--- Provided data Enclosed Below ---
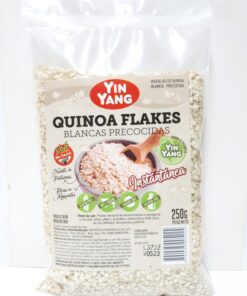 YIN YANG YIN YANG QUINOA FLAKES 250G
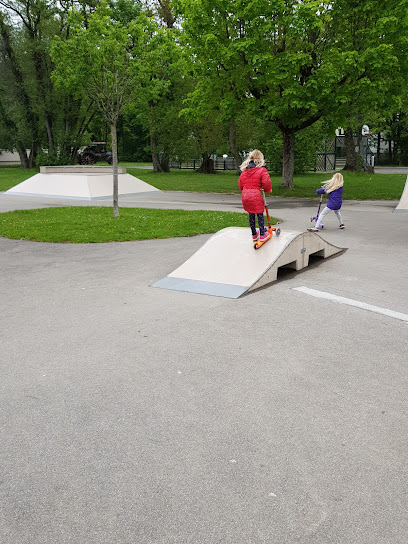 Skatepark du Pontet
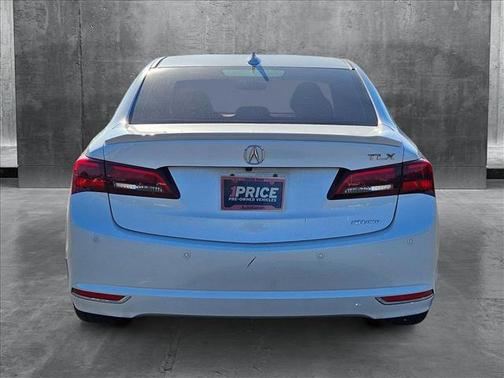 2017 Acura TLX V6 w/Advance Package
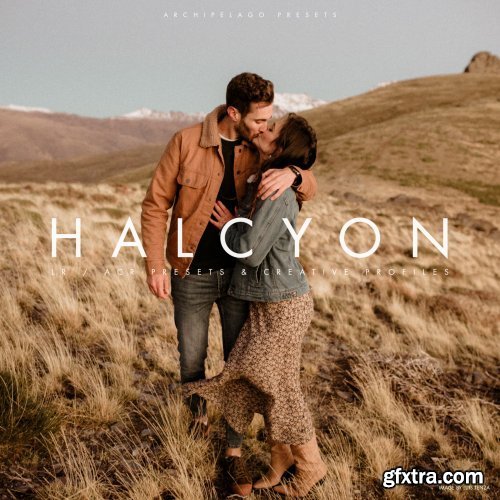 Archipelago - Halcyon (Video Guide + Presets)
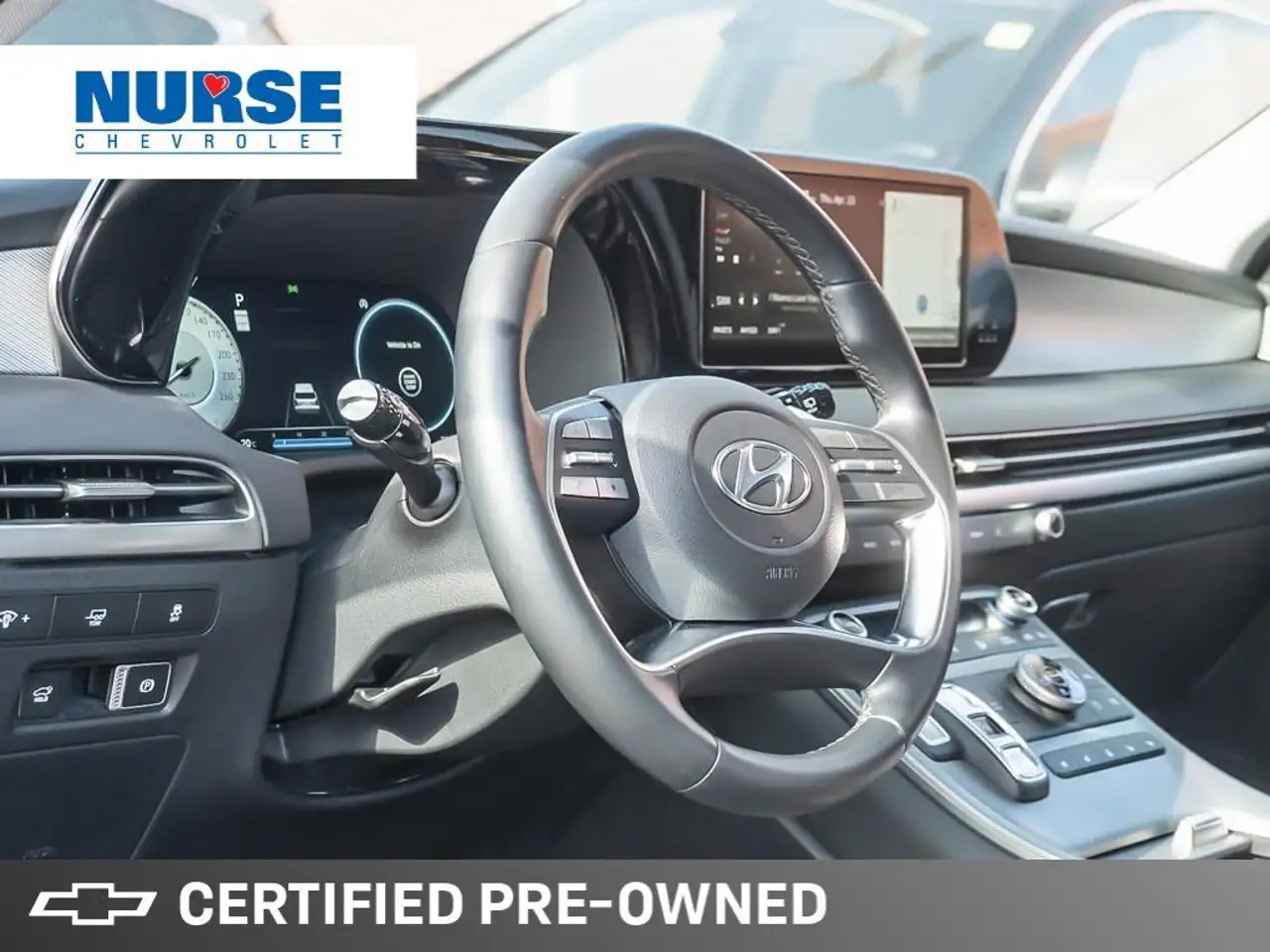Hyundai PALISADE photo Hyundai PALISADE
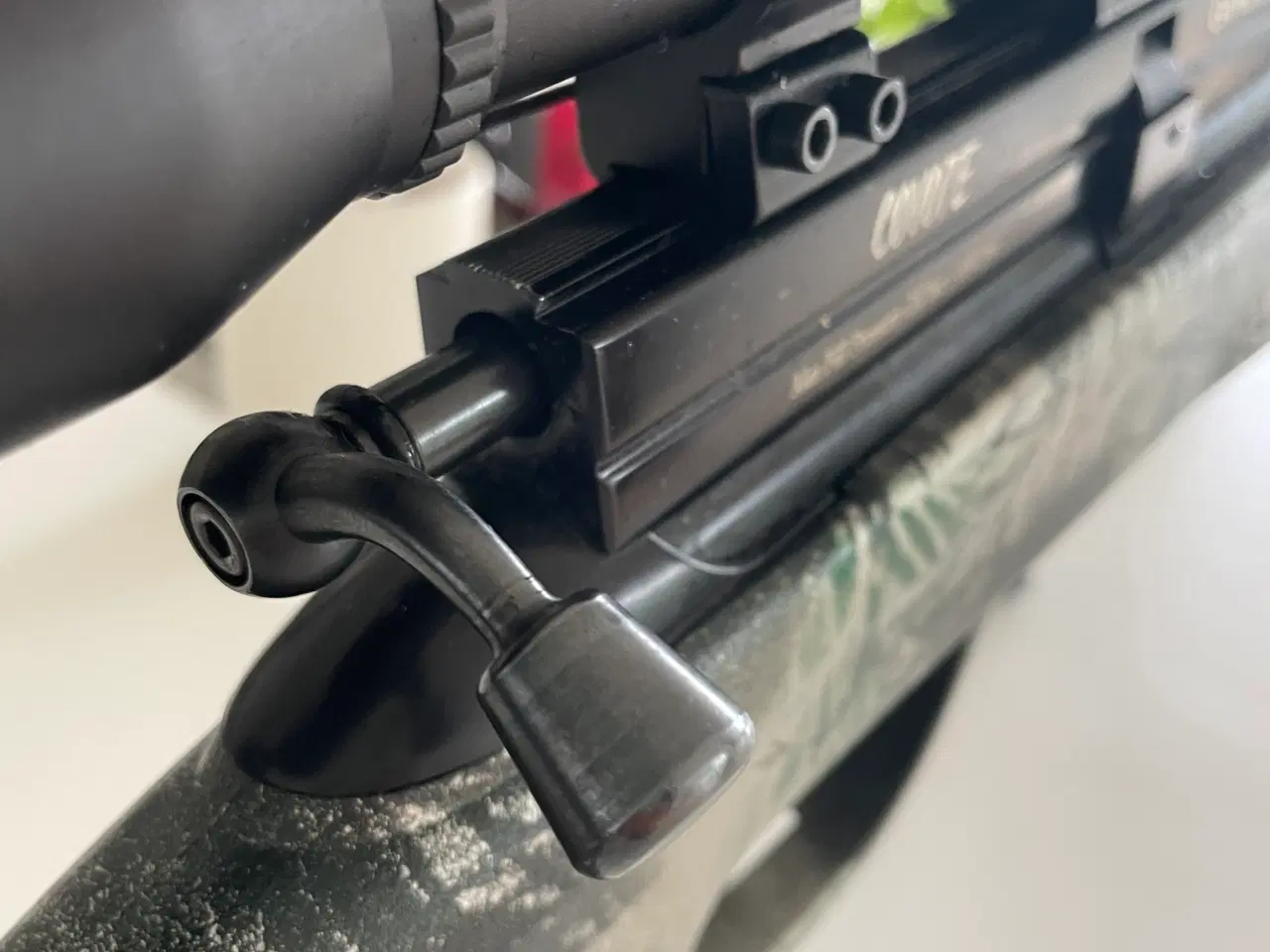 Billede 4 - PCP 177. Luftgevær - Gamo coyote med magasin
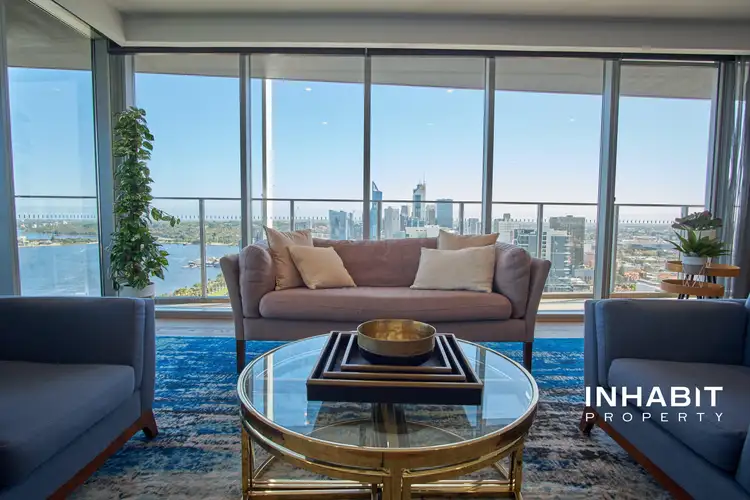 Fifth view of Homely unit listing, 213/189 Adelaide Terrace, East Perth WA 6004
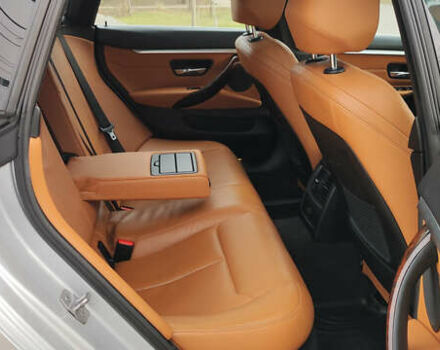 Сірий БМВ 4 Серія, об'ємом двигуна 2 л та пробігом 90 тис. км за 22999 $, фото 115 на Automoto.ua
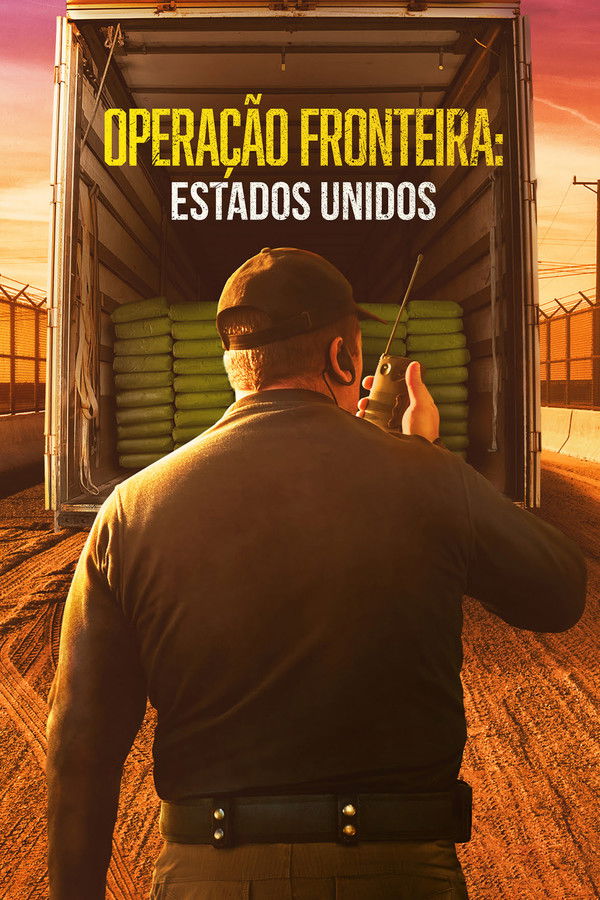 Capa de Operação Fronteira: Estados Unidos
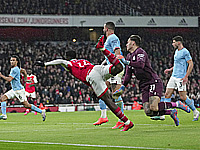 Битва за лидерство. 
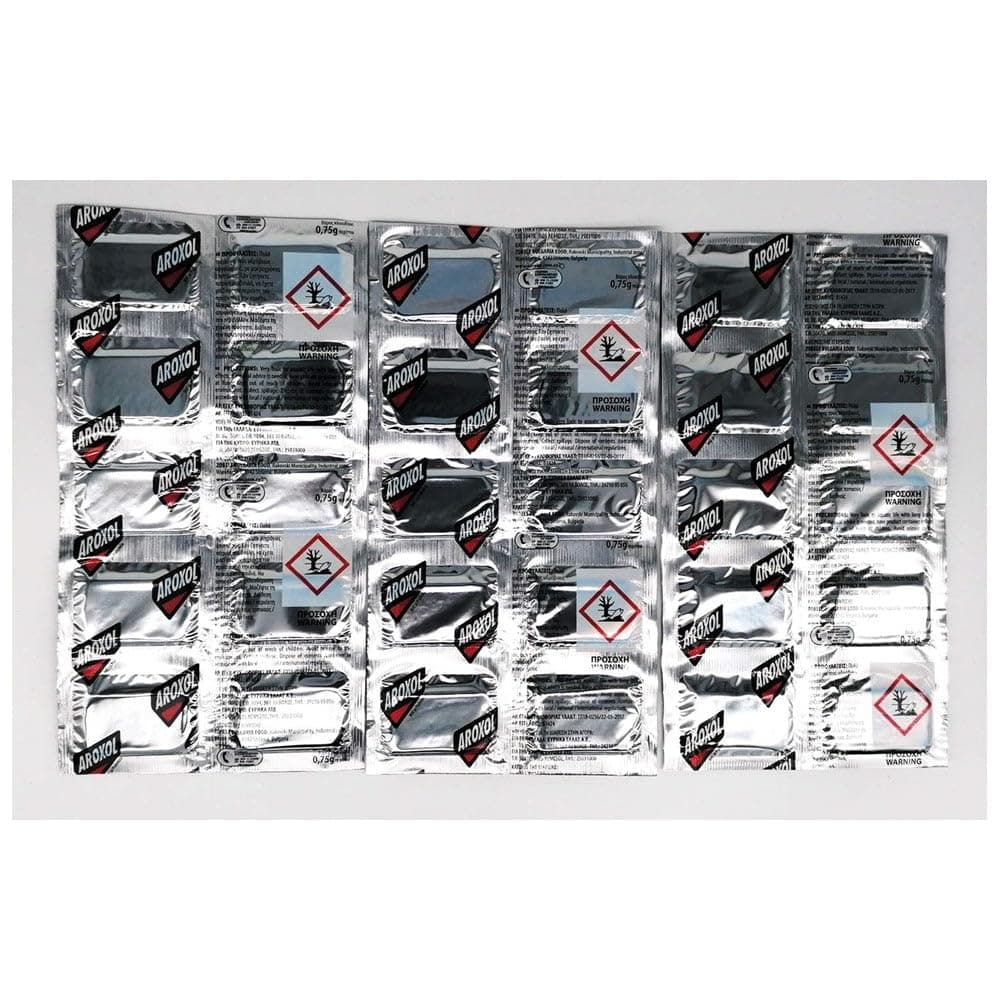 30 x Refill Tablets for Electric Plug Mosquito Repellent Insect Killer Bite (and Tiger Mosquito) - Suitable for All Types of Plugs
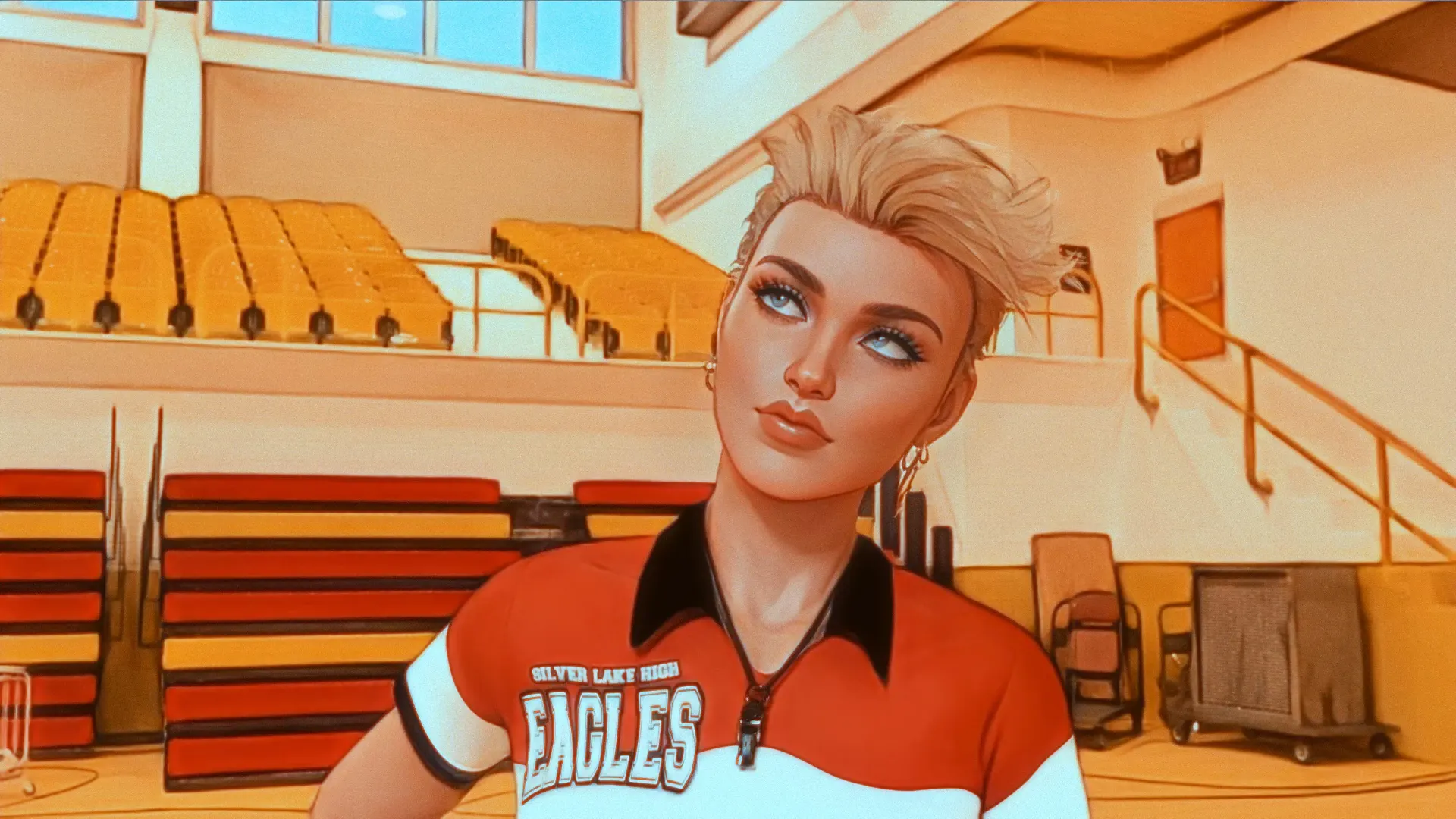 I Was a Teenage Vampire Rebuild screenshot 11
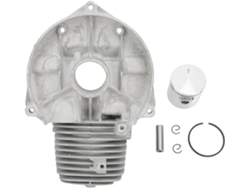 Kit 4161570r, Conjunto De Pistón Y Cilindro 25 25tr 26 250tr Compatible Con Oleo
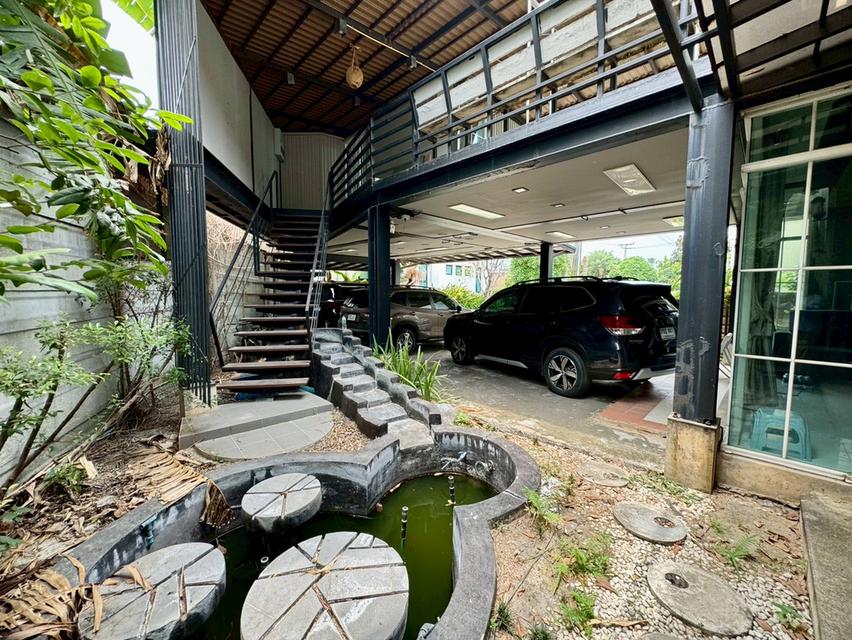 ขายบ้านเดี่ยวหลังมุม ทำเลพัฒนาการ 38 พร้อมอยู่ ราคาดี! ภัสสร เพรสทีจ (N.2104) 15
--- End of Enclosed Provided data ---
### [What is required]
The data must be repeated exactly. Any pictures in it are to be left out.

### [Response to the task]
 YIN YANG YIN YANG QUINOA FLAKES 250G
 Skatepark du Pontet
 2017 Acura TLX V6 w/Advance Package
 Archipelago - Halcyon (Video Guide + Presets)
Hyundai PALISADE photo Hyundai PALISADE
 Billede 4 - PCP 177. Luftgevær - Gamo coyote med magasin
 Fifth view of Homely unit listing, 213/189 Adelaide Terrace, East Perth WA 6004
 Сірий БМВ 4 Серія, об'ємом двигуна 2 л та пробігом 90 тис. км за 22999 $, фото 115 на Automoto.ua
 Capa de Operação Fronteira: Estados Unidos
 Битва за лидерство. 
 30 x Refill Tablets for Electric Plug Mosquito Repellent Insect Killer Bite (and Tiger Mosquito) - Suitable for All Types of Plugs
 I Was a Teenage Vampire Rebuild screenshot 11
 Kit 4161570r, Conjunto De Pistón Y Cilindro 25 25tr 26 250tr Compatible Con Oleo
 ขายบ้านเดี่ยวหลังมุม ทำเลพัฒนาการ 38 พร้อมอยู่ ราคาดี! ภัสสร เพรสทีจ (N.2104) 15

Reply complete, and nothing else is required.